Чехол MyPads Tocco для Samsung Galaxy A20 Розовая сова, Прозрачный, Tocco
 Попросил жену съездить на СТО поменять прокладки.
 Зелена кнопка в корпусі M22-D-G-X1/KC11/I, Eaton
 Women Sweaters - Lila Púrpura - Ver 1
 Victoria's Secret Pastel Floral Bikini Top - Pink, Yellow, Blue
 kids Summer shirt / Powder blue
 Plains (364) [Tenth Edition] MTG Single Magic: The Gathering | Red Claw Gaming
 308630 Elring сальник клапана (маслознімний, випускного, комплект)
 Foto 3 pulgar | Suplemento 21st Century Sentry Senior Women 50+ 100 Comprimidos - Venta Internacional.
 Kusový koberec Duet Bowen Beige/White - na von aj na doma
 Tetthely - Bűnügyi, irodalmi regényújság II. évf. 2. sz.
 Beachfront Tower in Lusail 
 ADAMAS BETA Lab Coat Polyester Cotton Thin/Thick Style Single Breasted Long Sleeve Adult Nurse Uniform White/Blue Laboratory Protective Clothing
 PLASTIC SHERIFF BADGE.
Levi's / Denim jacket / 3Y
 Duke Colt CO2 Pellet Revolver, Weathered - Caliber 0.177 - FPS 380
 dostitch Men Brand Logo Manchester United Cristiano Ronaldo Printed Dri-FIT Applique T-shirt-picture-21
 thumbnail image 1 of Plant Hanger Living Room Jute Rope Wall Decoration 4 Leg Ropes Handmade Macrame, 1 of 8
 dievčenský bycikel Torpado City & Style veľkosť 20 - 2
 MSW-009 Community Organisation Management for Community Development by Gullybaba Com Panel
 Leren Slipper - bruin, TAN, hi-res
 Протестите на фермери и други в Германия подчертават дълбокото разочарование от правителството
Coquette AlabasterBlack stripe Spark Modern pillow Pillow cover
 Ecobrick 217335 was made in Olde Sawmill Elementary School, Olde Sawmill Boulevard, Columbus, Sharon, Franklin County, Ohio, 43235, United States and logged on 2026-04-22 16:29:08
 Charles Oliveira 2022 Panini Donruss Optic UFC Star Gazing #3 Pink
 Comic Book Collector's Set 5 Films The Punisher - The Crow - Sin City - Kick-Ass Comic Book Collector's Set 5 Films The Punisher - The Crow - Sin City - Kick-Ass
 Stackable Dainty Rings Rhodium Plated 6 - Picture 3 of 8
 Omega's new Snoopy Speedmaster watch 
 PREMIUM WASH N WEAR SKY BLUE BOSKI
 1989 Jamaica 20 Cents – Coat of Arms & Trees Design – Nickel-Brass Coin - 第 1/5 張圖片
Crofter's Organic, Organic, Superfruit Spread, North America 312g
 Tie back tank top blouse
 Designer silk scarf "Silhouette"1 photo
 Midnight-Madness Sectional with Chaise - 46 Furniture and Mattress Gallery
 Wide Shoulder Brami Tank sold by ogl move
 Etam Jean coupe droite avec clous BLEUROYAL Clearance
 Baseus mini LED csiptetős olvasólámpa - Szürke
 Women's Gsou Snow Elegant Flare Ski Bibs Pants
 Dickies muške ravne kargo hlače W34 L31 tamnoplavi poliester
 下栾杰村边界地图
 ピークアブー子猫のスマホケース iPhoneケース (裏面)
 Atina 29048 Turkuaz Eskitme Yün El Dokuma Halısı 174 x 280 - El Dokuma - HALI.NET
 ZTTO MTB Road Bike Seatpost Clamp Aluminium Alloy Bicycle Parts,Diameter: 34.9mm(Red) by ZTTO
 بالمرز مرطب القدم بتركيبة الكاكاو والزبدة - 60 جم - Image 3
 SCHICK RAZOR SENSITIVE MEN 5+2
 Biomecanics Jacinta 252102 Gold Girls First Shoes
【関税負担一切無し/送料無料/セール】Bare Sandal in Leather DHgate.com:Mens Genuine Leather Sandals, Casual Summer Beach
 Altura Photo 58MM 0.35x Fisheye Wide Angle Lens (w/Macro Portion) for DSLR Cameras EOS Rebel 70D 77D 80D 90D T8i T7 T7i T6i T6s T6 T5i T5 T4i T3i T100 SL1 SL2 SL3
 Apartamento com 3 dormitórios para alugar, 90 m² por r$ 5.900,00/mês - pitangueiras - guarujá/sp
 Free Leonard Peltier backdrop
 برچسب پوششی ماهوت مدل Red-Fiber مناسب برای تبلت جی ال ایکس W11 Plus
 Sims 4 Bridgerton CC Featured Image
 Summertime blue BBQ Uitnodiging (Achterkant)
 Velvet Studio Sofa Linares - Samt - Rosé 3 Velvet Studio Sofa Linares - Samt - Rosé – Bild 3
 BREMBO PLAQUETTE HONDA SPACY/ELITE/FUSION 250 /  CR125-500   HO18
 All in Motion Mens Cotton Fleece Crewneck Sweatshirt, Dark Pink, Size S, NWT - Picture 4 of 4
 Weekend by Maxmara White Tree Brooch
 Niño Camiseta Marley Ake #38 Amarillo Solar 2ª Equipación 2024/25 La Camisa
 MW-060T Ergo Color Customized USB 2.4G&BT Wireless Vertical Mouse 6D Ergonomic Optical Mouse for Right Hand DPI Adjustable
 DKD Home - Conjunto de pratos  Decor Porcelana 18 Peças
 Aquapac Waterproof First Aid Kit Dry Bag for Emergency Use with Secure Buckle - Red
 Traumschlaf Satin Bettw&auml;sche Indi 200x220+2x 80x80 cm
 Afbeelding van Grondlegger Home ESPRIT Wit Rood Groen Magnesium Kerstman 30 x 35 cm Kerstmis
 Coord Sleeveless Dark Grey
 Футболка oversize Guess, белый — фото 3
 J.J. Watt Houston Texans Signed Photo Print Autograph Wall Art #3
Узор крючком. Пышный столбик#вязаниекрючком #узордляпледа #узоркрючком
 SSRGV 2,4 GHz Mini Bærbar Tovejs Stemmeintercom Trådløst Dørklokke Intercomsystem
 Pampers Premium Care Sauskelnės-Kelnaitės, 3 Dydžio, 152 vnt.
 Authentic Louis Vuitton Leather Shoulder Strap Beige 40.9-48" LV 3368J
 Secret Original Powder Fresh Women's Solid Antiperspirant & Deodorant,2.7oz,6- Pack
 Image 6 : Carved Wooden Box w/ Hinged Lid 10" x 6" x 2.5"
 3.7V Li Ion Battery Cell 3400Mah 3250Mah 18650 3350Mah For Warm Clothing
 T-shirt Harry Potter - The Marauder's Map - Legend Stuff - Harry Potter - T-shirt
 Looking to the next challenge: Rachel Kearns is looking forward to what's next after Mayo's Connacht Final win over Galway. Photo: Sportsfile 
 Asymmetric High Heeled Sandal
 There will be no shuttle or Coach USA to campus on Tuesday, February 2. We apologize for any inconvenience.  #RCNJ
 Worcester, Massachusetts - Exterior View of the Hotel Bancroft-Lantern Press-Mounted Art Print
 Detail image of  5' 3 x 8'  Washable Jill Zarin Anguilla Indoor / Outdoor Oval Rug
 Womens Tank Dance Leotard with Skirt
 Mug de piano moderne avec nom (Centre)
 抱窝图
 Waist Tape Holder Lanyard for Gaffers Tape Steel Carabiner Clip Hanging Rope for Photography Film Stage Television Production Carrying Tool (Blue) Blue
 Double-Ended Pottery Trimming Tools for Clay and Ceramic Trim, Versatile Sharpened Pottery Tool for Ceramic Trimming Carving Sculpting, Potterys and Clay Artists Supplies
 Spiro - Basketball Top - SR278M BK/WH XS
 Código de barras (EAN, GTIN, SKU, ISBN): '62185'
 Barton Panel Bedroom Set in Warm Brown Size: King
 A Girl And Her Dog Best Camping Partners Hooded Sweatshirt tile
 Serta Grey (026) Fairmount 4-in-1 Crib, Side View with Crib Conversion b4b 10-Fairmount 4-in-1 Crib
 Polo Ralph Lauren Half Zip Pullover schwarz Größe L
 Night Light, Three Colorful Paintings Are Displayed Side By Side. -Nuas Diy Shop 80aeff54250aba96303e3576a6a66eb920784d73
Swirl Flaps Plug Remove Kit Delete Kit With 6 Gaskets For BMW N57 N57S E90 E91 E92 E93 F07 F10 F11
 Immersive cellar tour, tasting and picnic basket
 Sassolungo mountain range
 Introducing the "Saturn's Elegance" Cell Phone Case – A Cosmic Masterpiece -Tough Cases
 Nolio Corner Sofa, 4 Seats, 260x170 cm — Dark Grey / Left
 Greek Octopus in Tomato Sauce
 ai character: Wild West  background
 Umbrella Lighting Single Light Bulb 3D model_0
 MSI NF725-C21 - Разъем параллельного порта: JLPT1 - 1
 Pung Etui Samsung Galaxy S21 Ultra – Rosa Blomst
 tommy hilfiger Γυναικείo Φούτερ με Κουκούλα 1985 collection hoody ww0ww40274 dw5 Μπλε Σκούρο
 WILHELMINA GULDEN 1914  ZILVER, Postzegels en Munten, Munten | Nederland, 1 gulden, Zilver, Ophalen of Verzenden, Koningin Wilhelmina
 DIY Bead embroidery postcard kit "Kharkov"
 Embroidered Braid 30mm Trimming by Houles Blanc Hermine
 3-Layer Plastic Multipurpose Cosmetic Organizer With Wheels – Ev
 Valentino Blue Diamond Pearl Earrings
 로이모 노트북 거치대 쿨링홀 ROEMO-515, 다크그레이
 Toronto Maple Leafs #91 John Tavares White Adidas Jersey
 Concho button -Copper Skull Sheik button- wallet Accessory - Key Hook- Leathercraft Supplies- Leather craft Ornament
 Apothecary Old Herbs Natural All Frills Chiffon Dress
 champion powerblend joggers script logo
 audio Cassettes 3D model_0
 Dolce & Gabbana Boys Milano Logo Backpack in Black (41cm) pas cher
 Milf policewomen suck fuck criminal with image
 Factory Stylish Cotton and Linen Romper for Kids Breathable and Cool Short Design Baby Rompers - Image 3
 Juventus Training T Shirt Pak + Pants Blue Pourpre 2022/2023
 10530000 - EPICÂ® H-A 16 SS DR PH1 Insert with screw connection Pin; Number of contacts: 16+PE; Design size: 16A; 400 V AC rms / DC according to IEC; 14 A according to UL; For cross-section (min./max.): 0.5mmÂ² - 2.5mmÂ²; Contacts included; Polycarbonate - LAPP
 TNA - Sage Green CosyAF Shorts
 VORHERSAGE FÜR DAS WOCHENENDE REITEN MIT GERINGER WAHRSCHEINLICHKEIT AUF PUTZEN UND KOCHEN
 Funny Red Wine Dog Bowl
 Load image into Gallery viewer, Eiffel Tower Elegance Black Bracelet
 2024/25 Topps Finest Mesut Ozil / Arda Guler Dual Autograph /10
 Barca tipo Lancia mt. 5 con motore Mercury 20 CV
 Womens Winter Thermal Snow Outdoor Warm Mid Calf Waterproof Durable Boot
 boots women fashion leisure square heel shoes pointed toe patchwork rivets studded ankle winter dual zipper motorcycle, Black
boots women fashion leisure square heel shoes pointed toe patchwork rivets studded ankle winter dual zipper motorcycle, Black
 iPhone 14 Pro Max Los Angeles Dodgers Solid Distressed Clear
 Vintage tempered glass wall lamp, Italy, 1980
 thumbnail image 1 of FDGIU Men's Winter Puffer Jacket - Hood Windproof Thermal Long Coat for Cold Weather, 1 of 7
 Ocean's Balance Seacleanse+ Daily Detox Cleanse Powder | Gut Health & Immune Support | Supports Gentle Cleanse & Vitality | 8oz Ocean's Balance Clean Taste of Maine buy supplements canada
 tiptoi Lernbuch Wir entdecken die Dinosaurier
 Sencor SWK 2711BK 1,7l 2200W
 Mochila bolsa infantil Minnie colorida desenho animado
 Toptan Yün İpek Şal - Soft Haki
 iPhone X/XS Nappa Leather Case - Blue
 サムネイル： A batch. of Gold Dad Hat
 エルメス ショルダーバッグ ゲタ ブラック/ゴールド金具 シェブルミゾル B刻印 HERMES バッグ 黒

--------------------------------

__EXERCISE DETAILS__
From the records above, give again exactly the lines running from the line with "Valentino Blue Diamond Pearl Earrings" to the line with "audio Cassettes 3D model_0", inclusive.

__EXPECTED ANSWER__
 Valentino Blue Diamond Pearl Earrings
 로이모 노트북 거치대 쿨링홀 ROEMO-515, 다크그레이
 Toronto Maple Leafs #91 John Tavares White Adidas Jersey
 Concho button -Copper Skull Sheik button- wallet Accessory - Key Hook- Leathercraft Supplies- Leather craft Ornament
 Apothecary Old Herbs Natural All Frills Chiffon Dress
 champion powerblend joggers script logo
 audio Cassettes 3D model_0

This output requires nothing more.